The TrueCrypt website has been changed it now has a big red warning stating "WARNING: Using TrueCrypt is not secure as it may contain unfixed security issues". They recommend using BitLocker for Windows 7/8, FileVault for OS X, or (whatever) for Linux. So, what happened? The TrueCrypt site says:
This page exists only to help migrate existing data encrypted by TrueCrypt. The development of TrueCrypt was ended in 5/2014 after Microsoft terminated support of Windows XP. Windows 8/7/Vista and later offer integrated support for encrypted disks and virtual disk images. Such integrated support is also available on other platforms (click here for more information). You should migrate any data encrypted by TrueCrypt to encrypted disks or virtual disk images supported on your platform.
Did the TrueCrypt devs (or SourceForge?) get a NSL? They are offering a "new" version (7.2), but apparently the signing key has changed and a source code diff seems to indicate a lot of the functionality has been stripped out. What's up?
(Score: 2) by juggs on Thursday May 29 2014, @08:32AM
EVERYTHING can be brute forced. That is not bullshit and it is not false.
NOTHING is impenetrable to brute force.
If you are a cryptographer you know the above to be true. Brute force implies throwing every possible solution at a problem - one will prove to be the key that unlocks the door.
I will leave aside your subsequent points about AES/Rjindael as I am not qualified to speak to their mathematical correctness nor TrueCrypt's implementation of them.
My point in Scenario A was that if TrueCrypt's developers had decided to cease work then from a security perspective it would be good practise to leave available source and binaries that can decrypt previous versions' encrypted volumes. Deleting the encryption code simply serves to prevent future adopters of the software using it to encrypt their files.
If one is walking away from supporting / developing an encryption software then it makes sense to do this. It is a delineation.
Regardless of the power / compute requirement to brute force something today, who knows what advances are around the corner. Hence why I alluded to only relying on encryption to keep your stuff safe for a finite period. It doesn't actually matter what that finite period is, but it is finite. Surely it is better to get users used to the concept rather than lull them into an encrypt now, secure forever utopia that may or may not be the case.
(Score: 2) by stormwyrm on Thursday May 29 2014, @09:04AM
So where's the supernova you can harness for the energy needed to break a 256-bit key? Or can you wait until the heat death of the universe? The theoretical minimum amount of energy based on arguments for computing using the known laws of physics requires at least that much energy to brute force a 256-bit symmetric key. Perhaps it might be feasible for a Kardashev Type 3 civilisation, but for us puny type 0 civilisations it is far beyond the realm of feasibility. As Bruce Schneier [schneier.com] put it:
Sure, anything can be brute forced. It just isn't practical to do so, which makes it practically bullshit to even try.

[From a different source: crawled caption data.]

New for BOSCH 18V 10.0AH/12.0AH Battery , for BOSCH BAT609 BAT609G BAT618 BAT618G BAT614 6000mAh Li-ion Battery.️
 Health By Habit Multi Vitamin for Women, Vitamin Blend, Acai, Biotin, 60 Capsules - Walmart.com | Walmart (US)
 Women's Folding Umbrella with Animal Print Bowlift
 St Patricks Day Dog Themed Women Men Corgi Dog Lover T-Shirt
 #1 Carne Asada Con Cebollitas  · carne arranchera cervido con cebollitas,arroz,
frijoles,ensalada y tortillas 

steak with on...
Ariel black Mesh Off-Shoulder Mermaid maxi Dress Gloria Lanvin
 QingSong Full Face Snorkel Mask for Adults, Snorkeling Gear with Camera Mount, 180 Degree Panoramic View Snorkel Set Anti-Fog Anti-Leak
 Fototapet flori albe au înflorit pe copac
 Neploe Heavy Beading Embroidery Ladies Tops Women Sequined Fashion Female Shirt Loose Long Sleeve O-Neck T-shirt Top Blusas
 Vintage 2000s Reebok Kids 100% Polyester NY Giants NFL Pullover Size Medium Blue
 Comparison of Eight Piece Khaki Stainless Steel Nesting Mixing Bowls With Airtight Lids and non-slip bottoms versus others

Numquam ponenda est pluralitas sine necessitate.
(Score: 4, Interesting) by edIII on Thursday May 29 2014, @09:27AM
That's just it though. You're missing the bigger point. Nobody is even trying to brute force anything .
At least not anymore. Once the permutations so strongly exceeded total processing power, attackers simply had no choice but to stop. They didn't even brute force Enigma the way you allude to. Take a deeper look at how Enigma was attacked. They had enough processing power during WWII to brute force Enigma *AFTER* they first reduced the keyspace with nifty mathematical analysis.
The real game, and real attack surfaces, are sophisticated analysis of the gestalt view of the ciphertext. It's a known process by which probabilities are understood, and the effective keyspace is reduced to a more viable level that can be brute forced in time periods acceptable to governments and LEO.
Technically, lunchtime is at any moment. It's just a wave function.
(Score: 4, Interesting) by edIII on Thursday May 29 2014, @09:16AM
Properly implemented OTP is mathematically proven to be immune to brute force attacks. You can literally generate ANY plaintext as long as it's the same length as the OTP ciphertext, and have absolutely no way whatsoever of knowing that you guessed the correct key. The key itself is supposed to be high entropy from preferably non-deterministically generated numbers. There is no math involved other than modular addition, and even then, it's a 1:1 relationship between each and every single bit of the plaintext and key. That's it. There is NO relationship between the 2nd bit and the millionth bit. Assuming a truly random key it's impossible to state beyond a reasonable doubt you found the key.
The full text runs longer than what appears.